An organic membrane may be the world’s next best battery and may revolutionize energy storage as we know it – it can bear far more energy than capacitors can, and can charge quicker than ever. Not to mention that it’s also dead-cheap.
The energy-storing membrane has been invented by a team from the NUS Nanoscience and Nanotechnology Initiative from Singapore, led by Dr. Xie Xian Ning.
It uses a polystyrene-based polymer to deposit the soft and foldable membrane converted from organic waste. Two graphite plates charge the membrane at 0.2 farads per square centimeter. Compare that with the maximum of 1 farad of an ordinary capacitor and you’ve figured out we have something big here.
What’s more important than the storage capacity (or at least as important), is the price of $0.62 per farad, compared to the $7 per farad of normal liquid electrolyte capacitors in use nowadays.

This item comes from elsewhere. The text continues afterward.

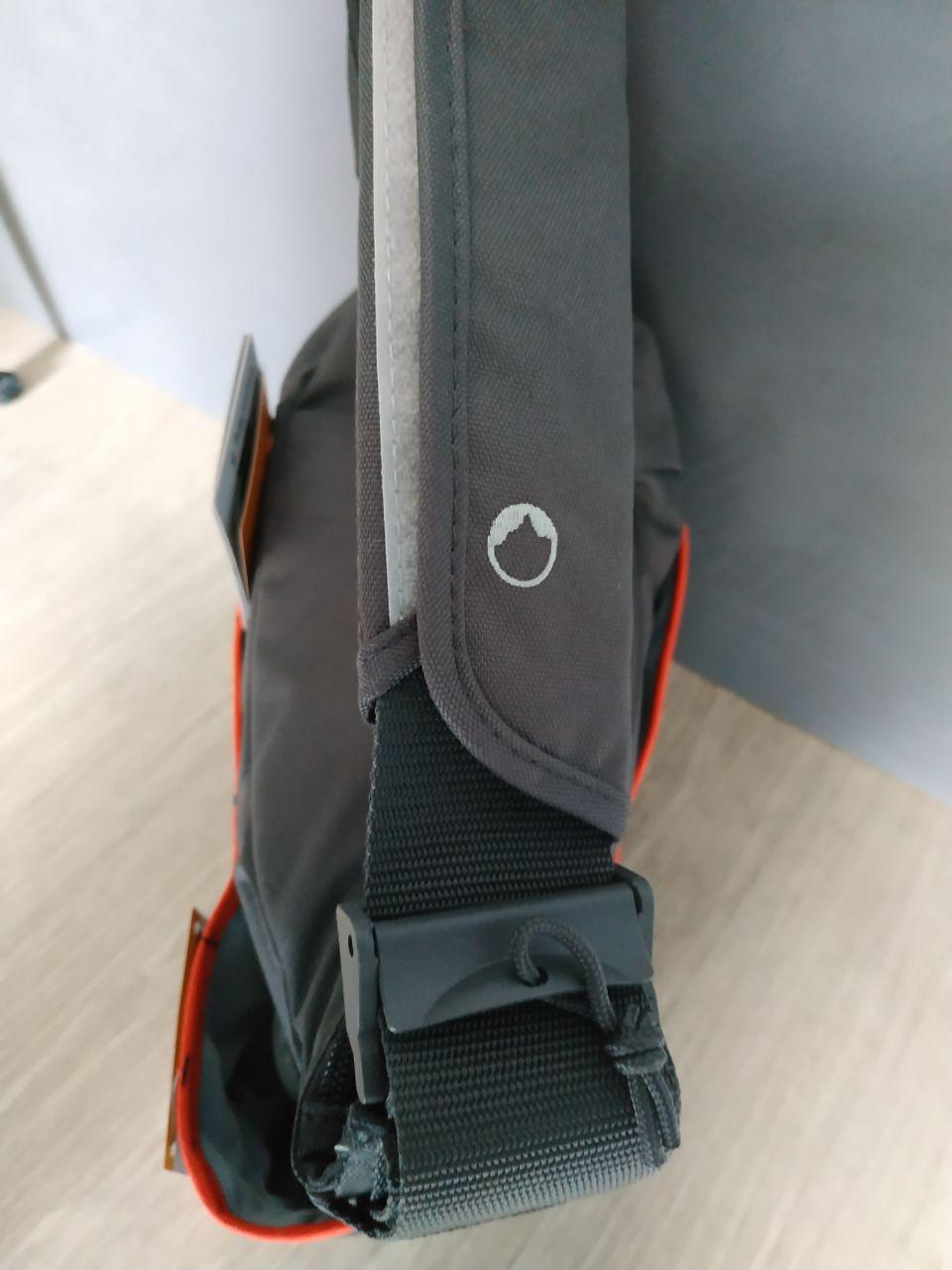 LowePro Passport Sling III Bag for Camera Gears Grey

Dr. Xie said: “Compared to rechargeable batteries and supercapacitors, the proprietary membrane allows for very simple device configuration and low fabrication cost. Moreover, the performance of the membrane surpasses those of rechargeable batteries, such as lithium ion and lead-acid batteries, and supercapacitors.”
“With the advent of our novel membrane, energy storage technology will be more accessible, affordable, and producible on a large scale. It is also environmentally-friendly and could change the current status of energy technology,” he added.
It’ll take a while until the team will finish studying all of the aspects involved in making this membrane work in all kinds of circumstances, from iPads to EVs, but I guess that we’ll have working prototypes in a few years – the market needs this kind of products like hot bread.
Let’s only think of the advantages such a membrane-based battery would give the world. First of all, it would be safer than any of the lithium ion batteries used today. Its weight would be heavily reduced, while the vehicles wearing it would be able to have it embedded in the chassis, not disturbing the car’s weight distribution. Finally, the price will tell the difference, because if such an invention will be brought to the market at ridiculous prices, gasoline won’t stand a chance.
What do you think?
[via cleantechnica]
Either the math in this article is horribly wrong, or the author has an incomplete understanding of electrical equivalencies. 1 Farad = .5 joules, 1kwh = 3.6 Megajoules. To replace a Tesla S battery (85kwh) at $.62 per farad would cost 3,600,000 * 85 * .62 =~ $180 Million. A 1 Farad capacitor costs about $2 in quantity, so this would be able to replace existing capacitors, but is nowhere near lithium batteries.